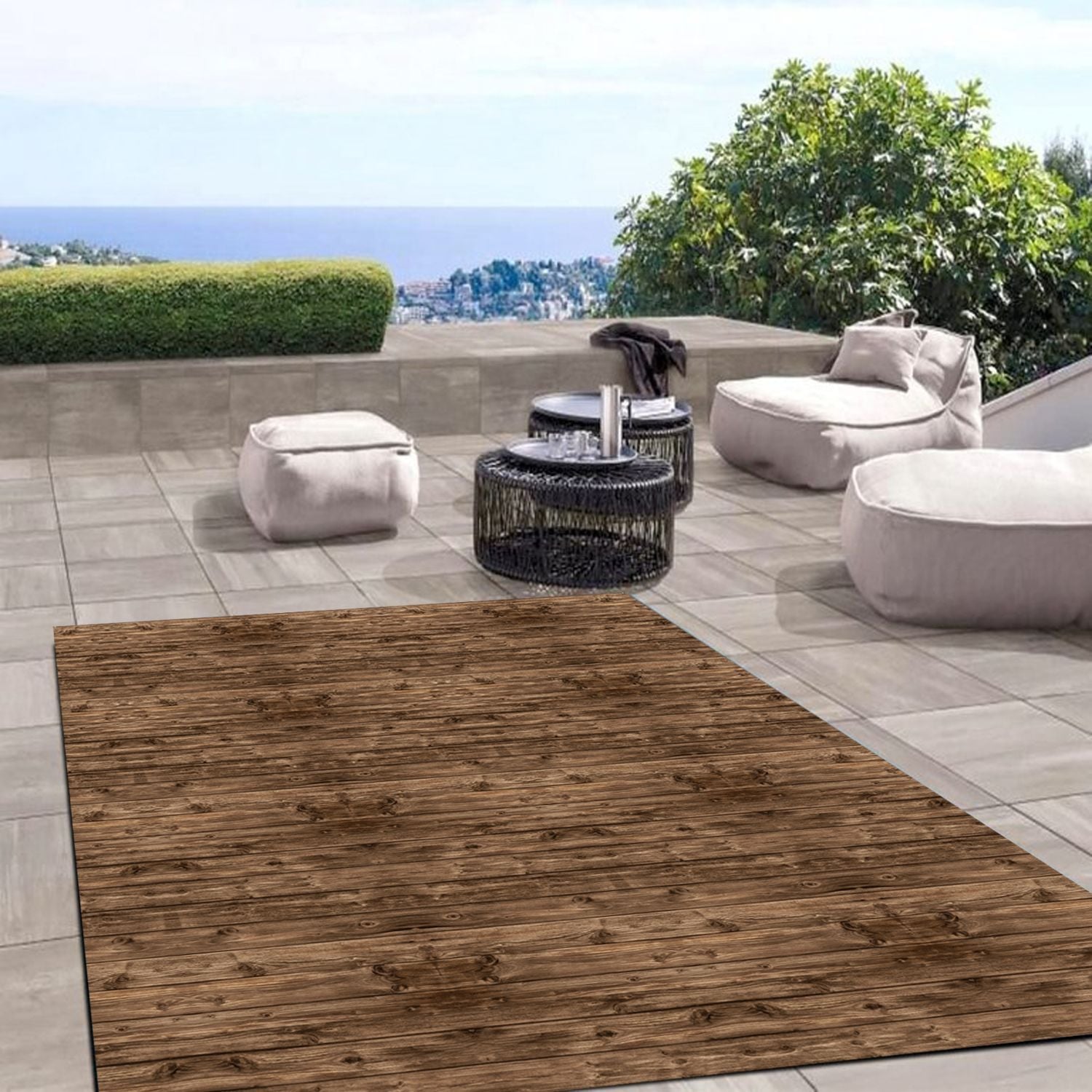 ALFOMBRA VINÍLICA MADERA RÚSTICA NOGAL 140X220 CM - 3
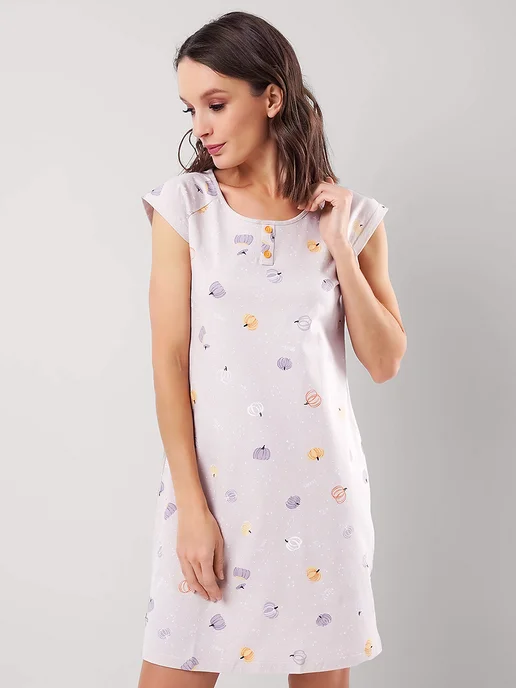 CLEVER WEAR Ночная сорочка короткая хлопок, оранжевый, фото 3
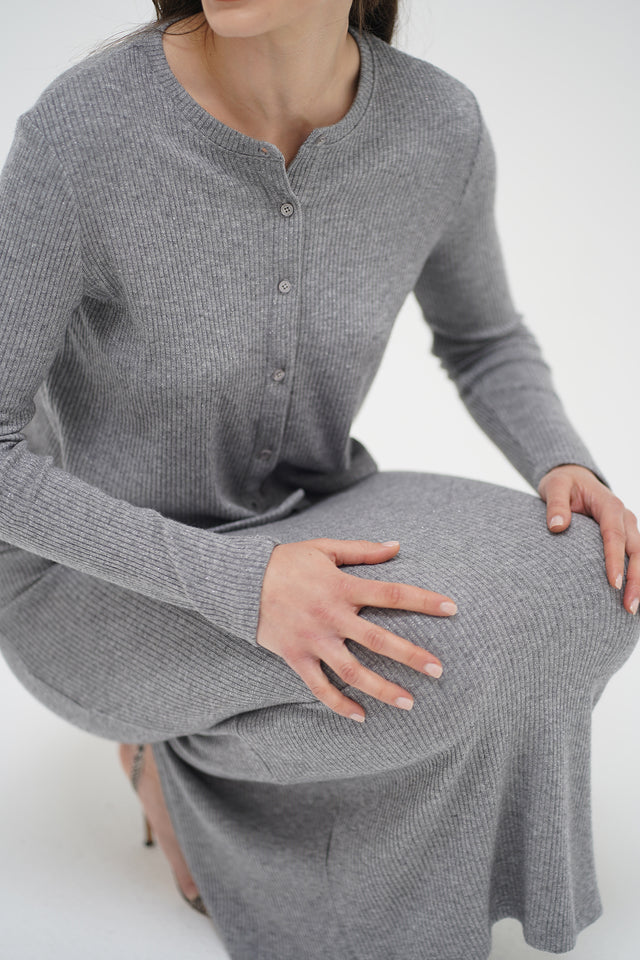 Person wearing a gray long-sleeve dress against a white background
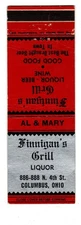 FINNIGAN'S GRILL matchbook matchcover - COLUMBUS, OHIO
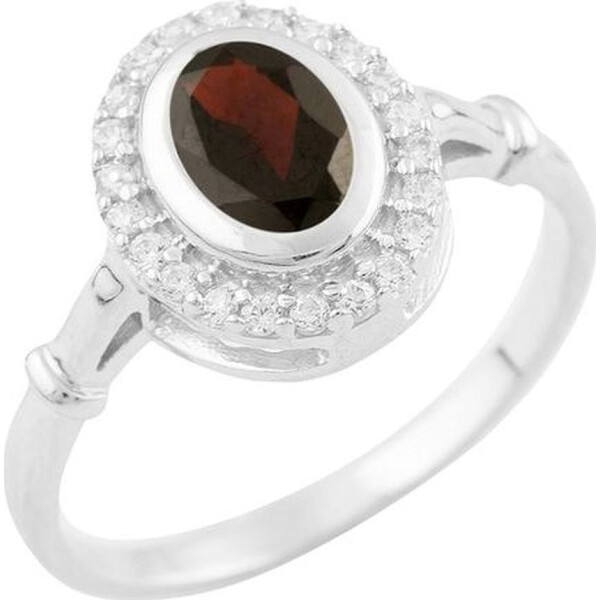 

Кольцо из серебра с гранатом и куб. циркониями, размер 16.5 (1399855)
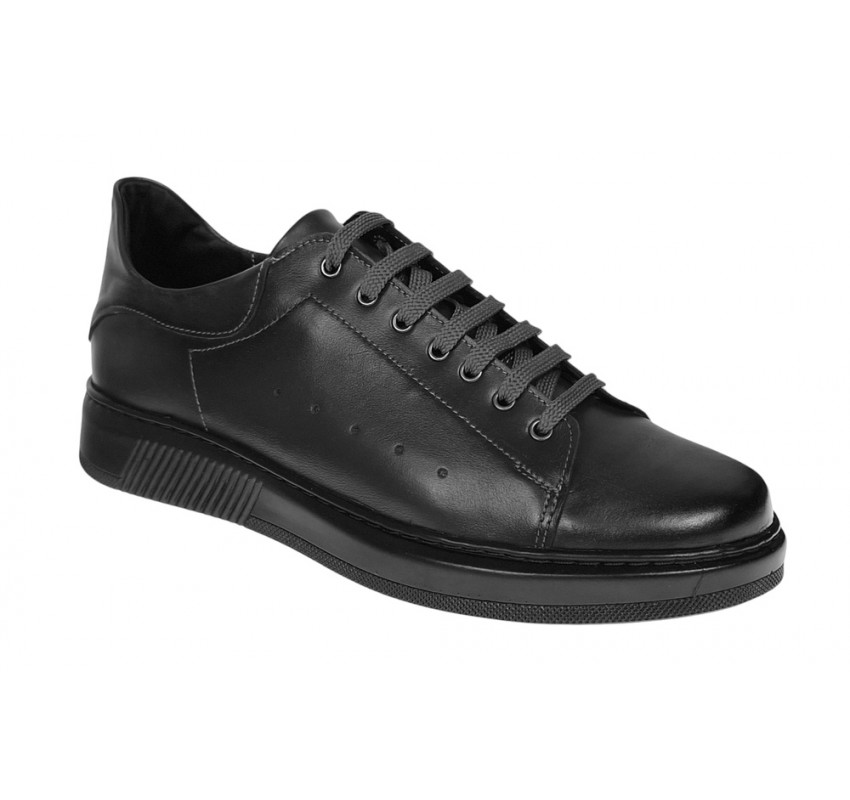 Pantofi barbati Sport Casual din piele naturala, Negru GKR2X1N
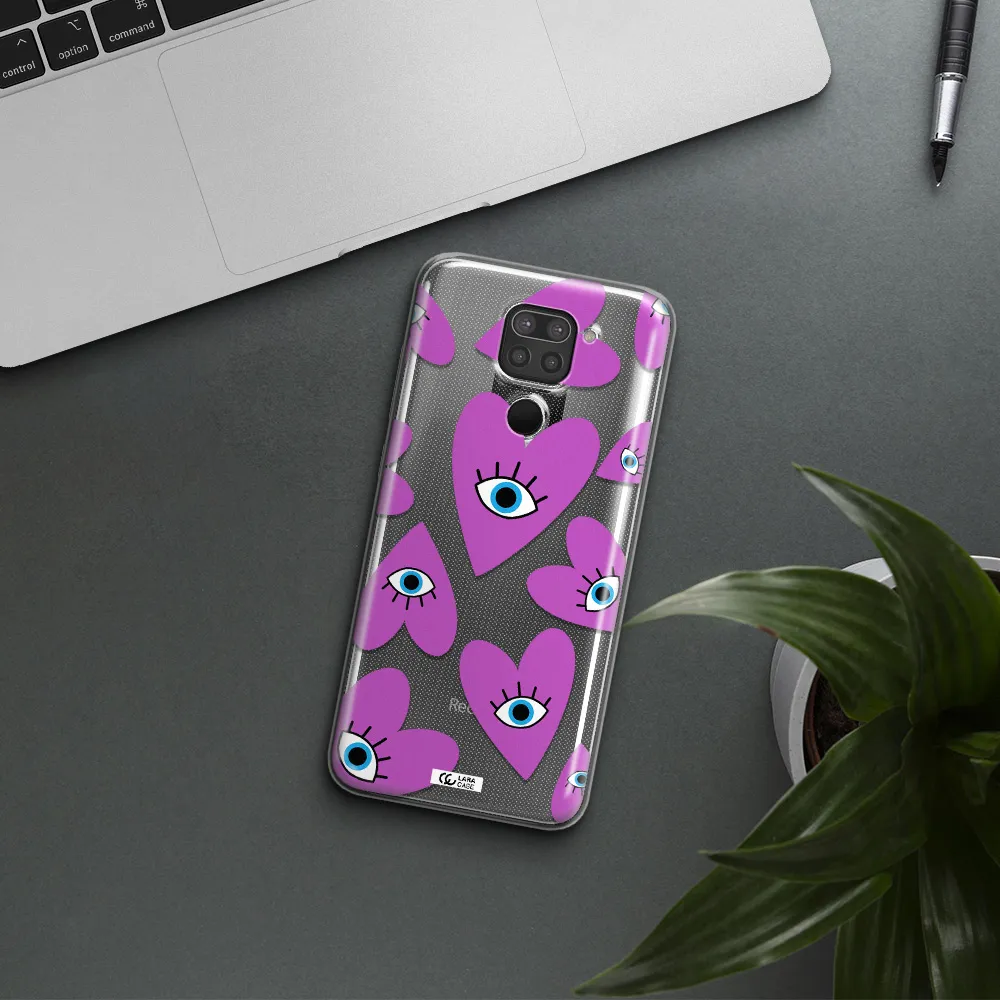 A Purple Heart With Eyes And A Black Eye Xiaomi Redmi Note 9 Clear Tpu Case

> Aim of the exercise:
Set down exactly the lines between the one with "Pantofi barbati Sport" and the last line of the material above, both included, but none of the pictures.

> Exercise response:
 Pantofi barbati Sport Casual din piele naturala, Negru GKR2X1N
 A Purple Heart With Eyes And A Black Eye Xiaomi Redmi Note 9 Clear Tpu Case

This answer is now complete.